**EXTRACTED RECORDS**
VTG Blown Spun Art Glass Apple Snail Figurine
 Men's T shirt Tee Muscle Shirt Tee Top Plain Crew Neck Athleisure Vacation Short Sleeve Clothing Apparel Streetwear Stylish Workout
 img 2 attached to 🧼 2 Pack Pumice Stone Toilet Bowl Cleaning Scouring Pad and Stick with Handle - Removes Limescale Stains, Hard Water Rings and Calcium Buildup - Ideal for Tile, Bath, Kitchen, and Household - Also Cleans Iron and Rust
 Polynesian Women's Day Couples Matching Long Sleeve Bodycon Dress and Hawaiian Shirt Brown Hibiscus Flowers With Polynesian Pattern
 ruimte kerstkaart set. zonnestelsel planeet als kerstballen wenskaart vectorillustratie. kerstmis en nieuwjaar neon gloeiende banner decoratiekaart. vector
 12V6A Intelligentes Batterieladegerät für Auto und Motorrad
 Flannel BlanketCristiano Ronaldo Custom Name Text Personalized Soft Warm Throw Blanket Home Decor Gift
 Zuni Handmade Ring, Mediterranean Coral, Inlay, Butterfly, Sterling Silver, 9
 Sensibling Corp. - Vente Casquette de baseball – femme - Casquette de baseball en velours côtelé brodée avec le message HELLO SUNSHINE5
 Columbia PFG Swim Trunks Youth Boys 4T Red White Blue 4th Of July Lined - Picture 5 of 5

**WHAT IS BEING ASKED**
Could you produce an exact copy of the whole listing?

**WRITTEN SOLUTION**
VTG Blown Spun Art Glass Apple Snail Figurine
 Men's T shirt Tee Muscle Shirt Tee Top Plain Crew Neck Athleisure Vacation Short Sleeve Clothing Apparel Streetwear Stylish Workout
 img 2 attached to 🧼 2 Pack Pumice Stone Toilet Bowl Cleaning Scouring Pad and Stick with Handle - Removes Limescale Stains, Hard Water Rings and Calcium Buildup - Ideal for Tile, Bath, Kitchen, and Household - Also Cleans Iron and Rust
 Polynesian Women's Day Couples Matching Long Sleeve Bodycon Dress and Hawaiian Shirt Brown Hibiscus Flowers With Polynesian Pattern
 ruimte kerstkaart set. zonnestelsel planeet als kerstballen wenskaart vectorillustratie. kerstmis en nieuwjaar neon gloeiende banner decoratiekaart. vector
 12V6A Intelligentes Batterieladegerät für Auto und Motorrad
 Flannel BlanketCristiano Ronaldo Custom Name Text Personalized Soft Warm Throw Blanket Home Decor Gift
 Zuni Handmade Ring, Mediterranean Coral, Inlay, Butterfly, Sterling Silver, 9
 Sensibling Corp. - Vente Casquette de baseball – femme - Casquette de baseball en velours côtelé brodée avec le message HELLO SUNSHINE5
 Columbia PFG Swim Trunks Youth Boys 4T Red White Blue 4th Of July Lined - Picture 5 of 5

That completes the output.